The figures character Bel (the analog of S in the letters set) is rendered as ~.
For this purpose, a word is considered to be a sequence of characters delimited by a space or newline character; each Receive pane acts as if it begins and ends with a newline character.
If the station you're monitoring is transmitting reversed tones, check the Receive panel's reverse box; this automatically updates the receive setting in the Reverse sub-panel on the Config window's RTTY tab.
To freely scroll a receive pane, you must first suspend the pane's display of incoming information; do so by clicking on the color-coded panel to the left of the pane you wish to scroll. A pane's channel label blinks while it is suspended. To resume the display of incoming information -- including that which arrived while the display was suspended, click on the color-coded panel to the left of the pane. You can suspend a pane for up to an hour without loss of incoming information.

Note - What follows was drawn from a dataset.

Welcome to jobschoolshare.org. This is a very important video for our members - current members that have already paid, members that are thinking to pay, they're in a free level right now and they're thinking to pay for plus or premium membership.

To copy text from a receive display pane to the Windows clipboard, use the standard Windows left-click and drag gesture. This gesture automatically suspends the pane. Click on the color-coded panel to the left of the pane to resume the pane's display of incoming information.

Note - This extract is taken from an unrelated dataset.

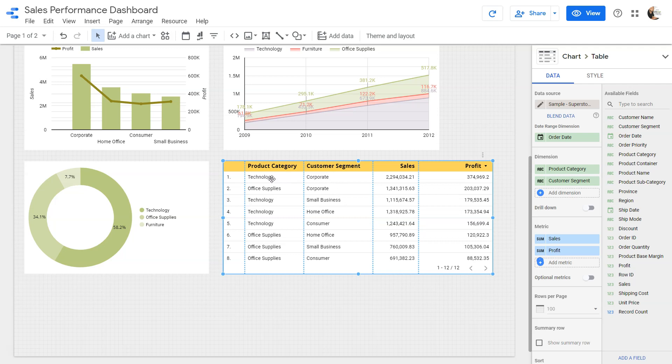For each product category you have the customer segment. Product category is technology, then you have corporate technology, small business technology, home office. That means it's a breakdown of product category by the customer segment.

To facilitate logging, double-clicking on a word in a receive pane copies that word to the appropriate QSO Info panel item.
The contents of the QSO Info panel items are maintained separately for each receive channel; whenever you switch channels, these items are updated to reflect whatever information you have captured from that channel. This makes it easy to incrementally capture information as you monitor several QSOs.
Clicking the right mouse button over a receive pane produces a pop-up menu with four commands:
WinWarbler automatically interoperates with Commander, an transceiver control program for Alinco, Elecraft, Flexradio, Icom, Kachina, Kenwood, TenTec, and Yaesu radios. If WinWarbler and Commander are running simultaneously, WinWarbler's xcvr freq selector will automatically track your transceiver's frequency as you QSY; it does not matter in what order the two programs are started.
If you modify the contents of the xcvr freq selector and then strike the Enter key, WinWarbler will direct Commander to QSY your transceiver to the specified frequency
If you open the xcvr freq selector, you can choose a preset frequency; doing so places the transceiver in simplex mode (as opposed to split frequency operation), selects its primary VFO, and sets that FRO to the preset frequency
If the transceiver controlled by Commander is an Elecraft K3 or KX3 in RTTY or RTTY-R mode, you can configure Commander to convey decode RTTY text to WinWarbler. Setting the model panel selector to Xcvr Ctrl App will configure WinWarbler to display this text in its external RTTY receive pane.
Displaying Characters Decoded by Other Applications and Devices
Setting the model panel to Decoder App will configure WinWarbler to display decoded RTTY characters received via DDE commands
Setting the model panel to External will configure WinWarbler to display decoded RTTY characters received via an RS-232 port.